つい忘れそうになるが、先日まで、熱中症の療養のために病院で過ごしていたことを考えれば、壮馬には、あまり無理をさせない方が良いのかも知れない。
食堂を出て、吹奏楽部の部員や先生たちが視覚に入らなくなったところで、そっと、親友に声をかける。

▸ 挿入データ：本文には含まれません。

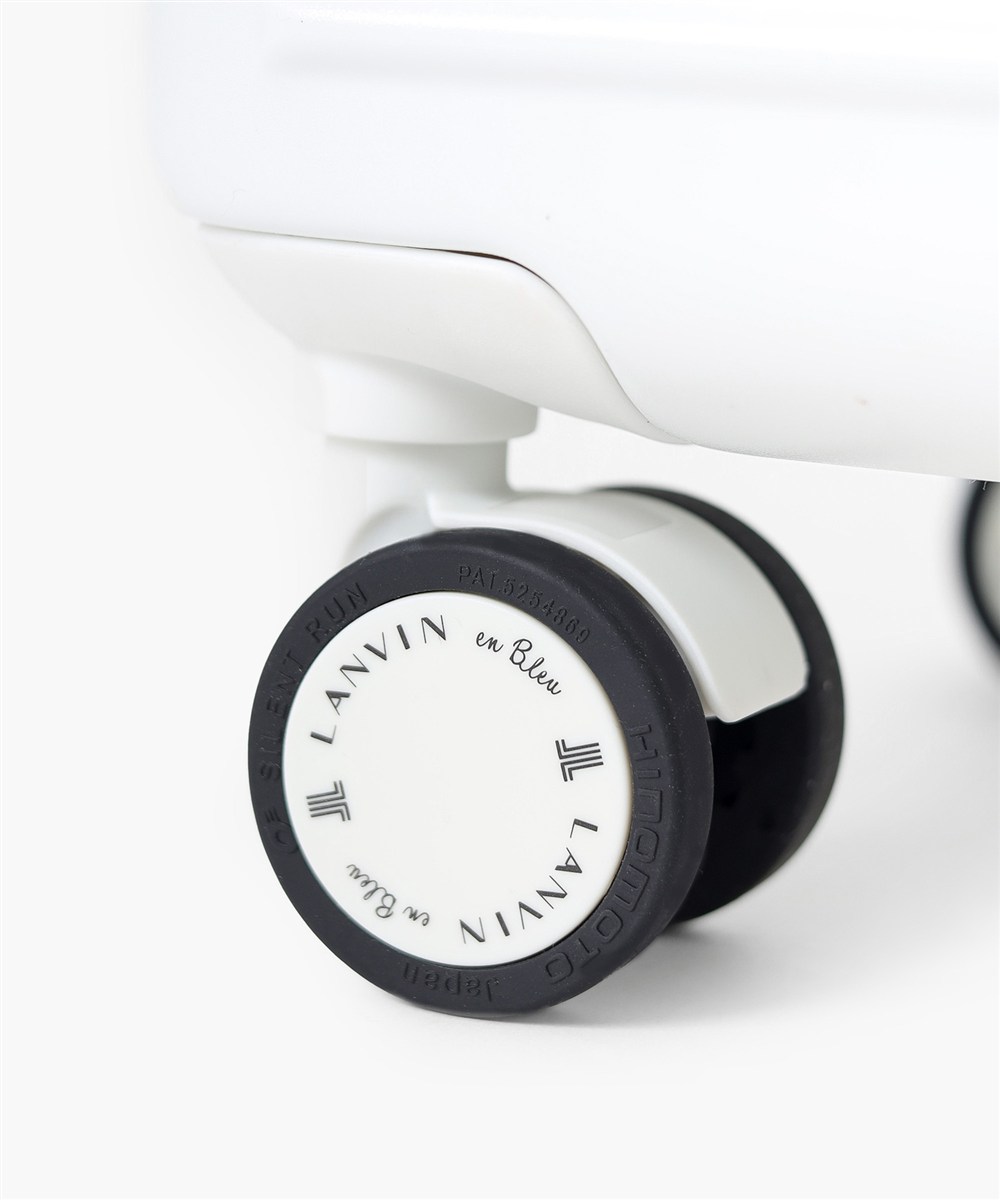 ランバン オン ブルー ヴィラージュファスナー キャリーバッグ 54L Mサイズ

「なあ、壮馬。疲れてるなら無理するなよ。今日は、午前中に桃華も来てくれるそうだし、部屋で休んでいても……」
「いや、そこまでのことじゃないよ。ちょっと、考え事をしてただけだから……心配させてしまったことは謝るけど、撮影できないわけじゃないからね」
「そうか……それならイイけどさ。少しでも、体調に異変を感じたら、すぐに言えよ。まだ病み上がりなんだからさ」
「大げさだなぁ。外の炎天下ならともかく、冷暖房の効いたこの施設の中なら、心配してもらうようなことはないから。佐倉さんが合流したら、午後の取材撮影の打ち合わせもしなきゃだから、それまでは、しっかりパート練習のようすを撮影しておこう」
「まあ、そう言うなら……けど、何回も言うけど、無理は禁物だからな」
「はいはい、わかってるよ。しつこいな」
ぶつぶつ言いながらも、いつもの親友の口調が戻ってきたことに安心したオレは、今日の撮影の準備を進める。
昨日の夜に鳳花部長から入った連絡によれば、桃華の到着は10時半頃になるということなので、その時間帯は、練習の撮影を一度中断し、下級生を出迎えたあと、三人で午後の撮影の打ち合わせをしようということになっていた。

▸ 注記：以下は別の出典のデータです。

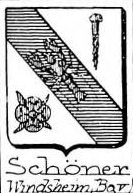 Schoner Coat of Arms / Family Crest 8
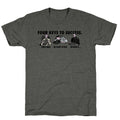 Four Keys to Success Unisex Triblend Tee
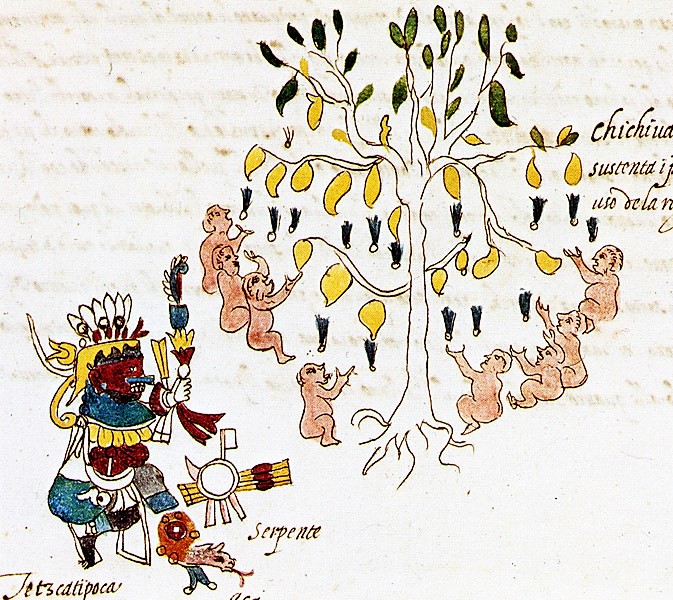 Aztec mythology, day of the dead origins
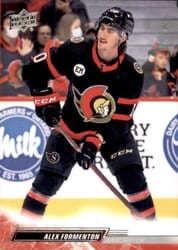 2022-23 Upper Deck Base Set Alex Formenton #127 card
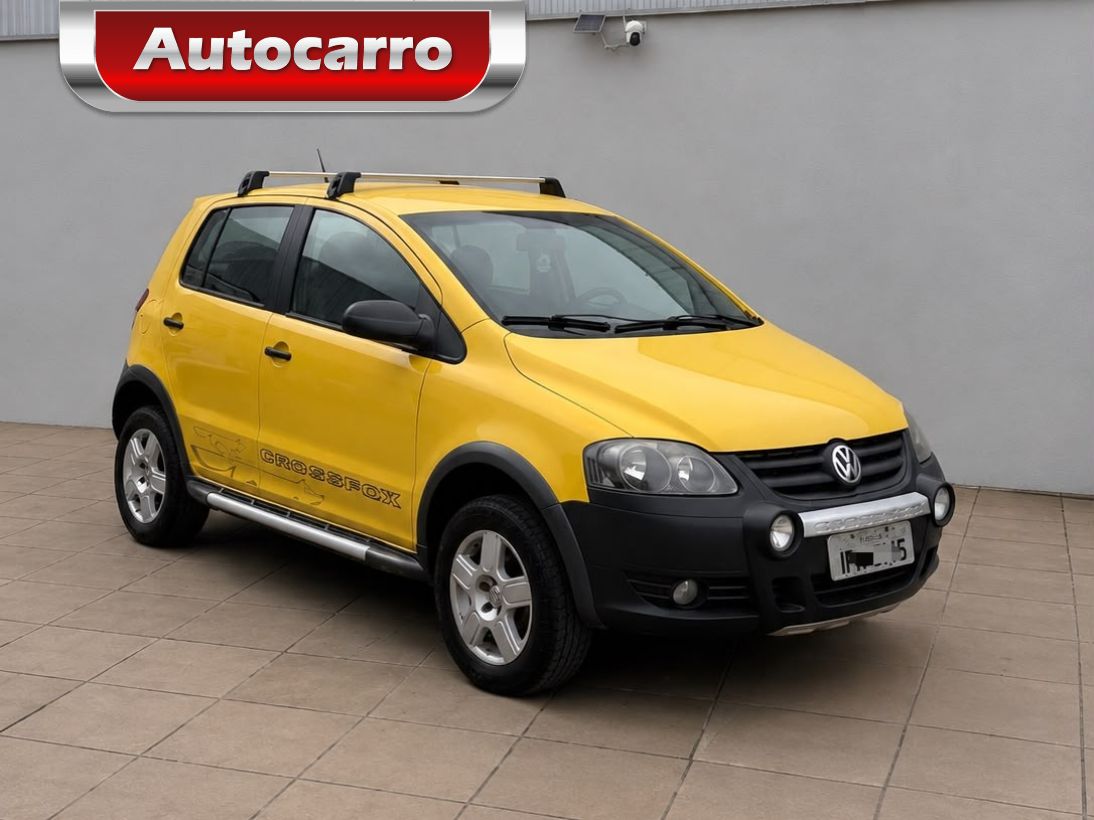 Volkswagen Crossfox CROSSFOX 1.6 Mi Total Flex 8V 5p 2009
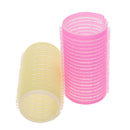 10 Pieces Grip Cling Hair Styling Roller Curler Hairdressing Tool Soft DIY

壮馬が言うように、吹奏楽部の練習開始の時間から、桃華がこの青少年の家に着くまで、2時間以上はあるので、その間は、サックスパートの練習の撮影に集中するのが良いだろう。親友の言動が、いつもの調子に戻ってきたことで、オレは気持ちを切り替え、密着取材に力を注ぐことにしようと決めた。

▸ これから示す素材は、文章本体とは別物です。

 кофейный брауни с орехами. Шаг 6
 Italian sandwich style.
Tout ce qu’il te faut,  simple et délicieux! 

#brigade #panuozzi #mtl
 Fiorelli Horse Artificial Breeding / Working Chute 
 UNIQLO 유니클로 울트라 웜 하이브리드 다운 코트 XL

そうして、頭を切り替えようとしたところで、オレには、気になることがあった。
それは、紅野アザミのことだ。
昨日の午後の全体練習で、桜井先生から名指しで指摘を受けたように、彼女の演奏は、素人のオレの耳にも精彩を欠いてるように聞こえた。
(普段の彼女なら、もっと伸びやかな音が出せるんじゃないか……)
彼女が一人で練習をする姿を校内で見かけることも多いのだが、その時の演奏は、軽やかに歌うような心地良さがあった。それは、昨日の練習で、部員全員を引っ張るように見事なソロを演奏してみせた寿先輩にも劣らない、とオレは思っている(いや、多分に素人の贔屓目が入っているかも知れないが……)。
そんな訳で、パートの練習を担当してくれる監督役のOBやOGの先輩が居ない分、今日の練習で紅野が桜井先生の標的にならないか、と心配になってしまう。
もちろん、それは、全国大会出場という目標のためには必要なことなのだろうが……。
二日前の夜に、寿先輩と語り合ったことを含めて、オレの中で、紅野アザミという存在が、春先に彼女に気持ちを伝えて以来、また大きくなっていることに気づいた。